Work to be completed: Your answer must be the exact lines below, starting with the line with "Mes HACCP 210 mm, RVS, blauw" and going on through the line with "Pädiatrie - Oversized", both included, with no pictures.

Records for this exercise:
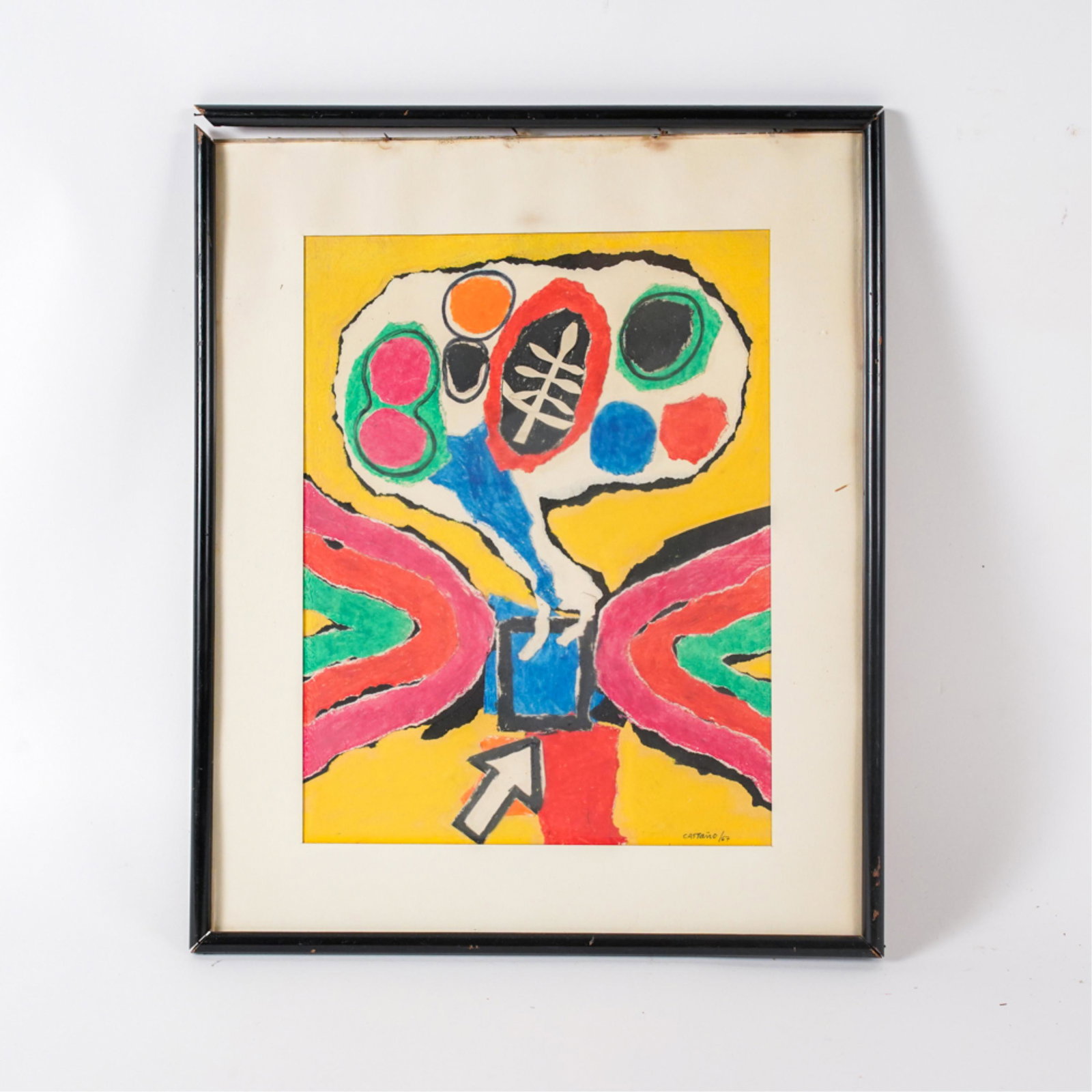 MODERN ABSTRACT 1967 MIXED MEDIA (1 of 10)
==
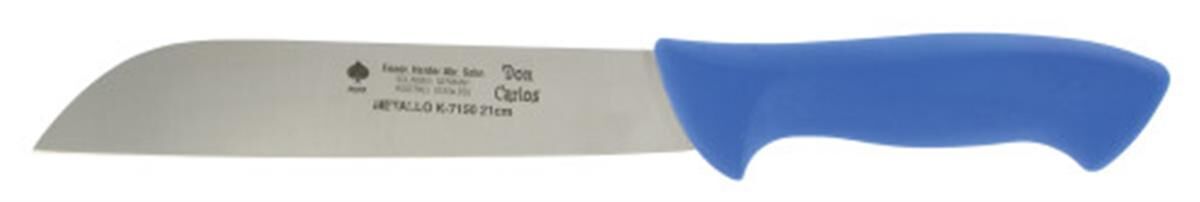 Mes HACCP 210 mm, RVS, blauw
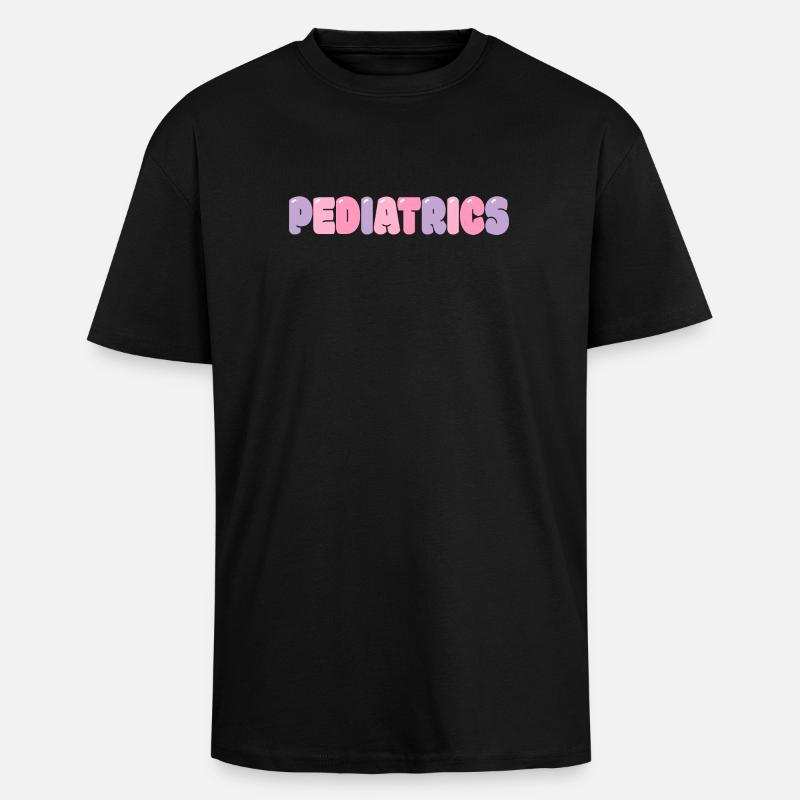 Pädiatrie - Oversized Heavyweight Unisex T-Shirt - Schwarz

Answer for this exercise:
 Mes HACCP 210 mm, RVS, blauw
 Pädiatrie - Oversized Heavyweight Unisex T-Shirt - Schwarz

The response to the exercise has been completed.